Case Name: J. Ben. Wilson & Company, plaintiffs in error, vs. The Sprague Mowing Machine Company, defendant in error
Court: Supreme Court of Georgia
Jurisdiction: Georgia
Decision Date: 1876-01
Citations: 55 Ga. 672
Docket Number: 
Parties: J. Ben. Wilson & Company, plaintiffs in error, vs. The Sprague Mowing Machine Company, defendant in error.
Judges: 
Reporter: Georgia Reports
Volume: 55
Pages: 672–674

Head Matter:
J. Ben. Wilson & Company, plaintiffs in error, vs. The Sprague Mowing Machine Company, defendant in error.
(Bleckley, Judge, having been of counsel, did not preside in this case.)
I. A corporation, in an action on contract, need not set out in the declaration how, or by what authority, it was incorporated, nor aver itself to be a corporation.
2. If it were proper to do so, and the omission were defective, the defect would be amendable, and not good in arrest of judgment.
Corporations. Pleadings. Amendment. Arrest of judgment. Before Judge Hopkins. Fulton Superior Court. April Term, Í875.
Reported in the opinion.
A. W. Hammond & Son, for plaintiffs in error.
L. J. Glenn & Son, for defendant.

Opinion:
Jackson, Judge.
This suit is in the statutory form. The object of that statute, when first enacted, was to simplify pleading. Under it the Sprague Mowing Machine Company alleges that the defendants owe them on an account. The bill of particulars is annexed. No plea or demurrer or other defense was made. Judgment was rendered by the court for principal and interest on the account. A motion was made to arrest it. The court below overruled that motion, and this is the error complained of.

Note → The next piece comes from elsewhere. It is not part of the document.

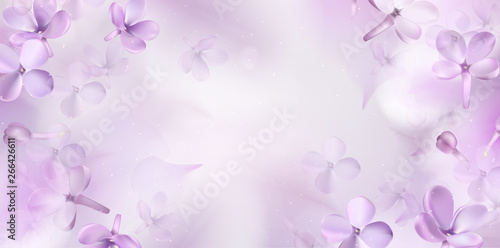 Dekoracja na wymiar  tlo-wiosna-kwiatowy-z-fioletowymi-kwiatami-bzu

The gravamen of the motion is that nobody sues; there is no plaintiff, the Sprague Mowing Machine Company neither alleging that it is a partnership and setting out the names of the partners, nor that it is a corporation, and stating where chartered and by what authority it was here. It is said it shows on the declaration that it is neither a natural nor an artificial person, and therefore that no person sues, and the declaration is fatally defective. The declaration may be defective; but the authorities, at least such as we have examined, are to the effect that it is good. The cases of Harris vs. The Murkingen Manufacturing Company, 4 Blackford, 267; Richardson vs. St. Joseph Iron Company, 5 Blackford, 146; Hearton vs. The Cincinnati and Fort Wayne Railroad Company, 16 Indiana, 275; and the Bennington Iron Company vs. John Rutherford, Jr., 3 Har., 105-158, decide that it is not necessary to aver that the plaintiff is a corporation. In the case last cited, from New Jersey, the court ruled that it is unnecessary even in the case of a foreign corporation; that a natural interpretation is to be given to pleading when it is susceptible of it, and that the name of the plaintiff imports that it is a corporation. And the judge delivering the opinion says that the plea of "nul tiel corporation" is the remedy of the defendant if he denies the existence of the corporation.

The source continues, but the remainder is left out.